* Available data:
= = = =

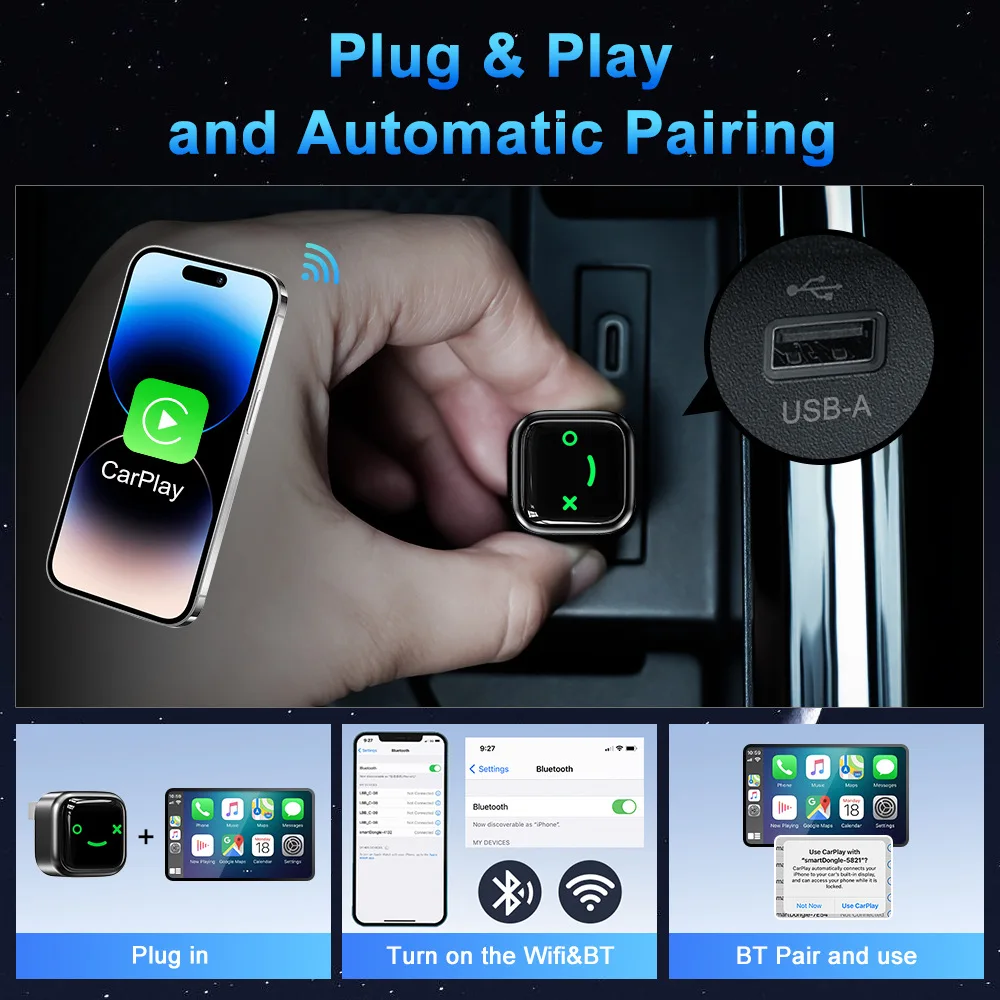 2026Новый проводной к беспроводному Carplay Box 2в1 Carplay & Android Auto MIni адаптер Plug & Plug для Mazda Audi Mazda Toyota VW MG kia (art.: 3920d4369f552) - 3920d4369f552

= = = =

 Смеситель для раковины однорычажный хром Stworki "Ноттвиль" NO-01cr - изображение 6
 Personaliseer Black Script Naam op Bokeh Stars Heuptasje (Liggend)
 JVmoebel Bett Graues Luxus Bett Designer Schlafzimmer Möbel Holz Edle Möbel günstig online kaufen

= = = =

Would you print, exactly as written, every line above from the one holding "Смеситель для раковины" through the one holding "JVmoebel Bett Graues", with both included and no other lines?

 Смеситель для раковины однорычажный хром Stworki "Ноттвиль" NO-01cr - изображение 6
 Personaliseer Black Script Naam op Bokeh Stars Heuptasje (Liggend)
 JVmoebel Bett Graues Luxus Bett Designer Schlafzimmer Möbel Holz Edle Möbel günstig online kaufen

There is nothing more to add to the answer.